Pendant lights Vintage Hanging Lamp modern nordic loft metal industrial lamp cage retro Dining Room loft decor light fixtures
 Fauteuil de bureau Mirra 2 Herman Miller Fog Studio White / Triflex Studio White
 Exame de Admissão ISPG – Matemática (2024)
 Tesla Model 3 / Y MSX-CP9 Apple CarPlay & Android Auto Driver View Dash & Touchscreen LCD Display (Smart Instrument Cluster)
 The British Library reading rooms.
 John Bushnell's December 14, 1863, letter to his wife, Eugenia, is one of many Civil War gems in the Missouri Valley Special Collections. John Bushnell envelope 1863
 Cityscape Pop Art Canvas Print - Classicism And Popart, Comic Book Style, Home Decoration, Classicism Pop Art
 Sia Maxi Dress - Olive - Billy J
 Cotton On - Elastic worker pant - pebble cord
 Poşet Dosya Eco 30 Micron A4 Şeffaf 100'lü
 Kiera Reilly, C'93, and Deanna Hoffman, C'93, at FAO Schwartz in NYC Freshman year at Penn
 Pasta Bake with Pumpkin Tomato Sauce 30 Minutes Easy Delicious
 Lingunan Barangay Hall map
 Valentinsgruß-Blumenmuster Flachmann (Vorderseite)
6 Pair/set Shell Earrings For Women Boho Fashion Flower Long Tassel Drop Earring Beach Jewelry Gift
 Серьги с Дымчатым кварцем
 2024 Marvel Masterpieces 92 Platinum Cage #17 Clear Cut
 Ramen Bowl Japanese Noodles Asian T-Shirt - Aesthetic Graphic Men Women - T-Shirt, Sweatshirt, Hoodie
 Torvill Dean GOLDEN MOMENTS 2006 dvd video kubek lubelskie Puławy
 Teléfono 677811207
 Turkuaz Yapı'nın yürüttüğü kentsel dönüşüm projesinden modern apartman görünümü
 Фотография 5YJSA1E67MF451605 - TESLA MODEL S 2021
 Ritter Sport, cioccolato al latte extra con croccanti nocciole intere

## What the exercise asks
Scan the material above for the string "Women" and copy every line that has it.

## Exercise response
6 Pair/set Shell Earrings For Women Boho Fashion Flower Long Tassel Drop Earring Beach Jewelry Gift
 Ramen Bowl Japanese Noodles Asian T-Shirt - Aesthetic Graphic Men Women - T-Shirt, Sweatshirt, Hoodie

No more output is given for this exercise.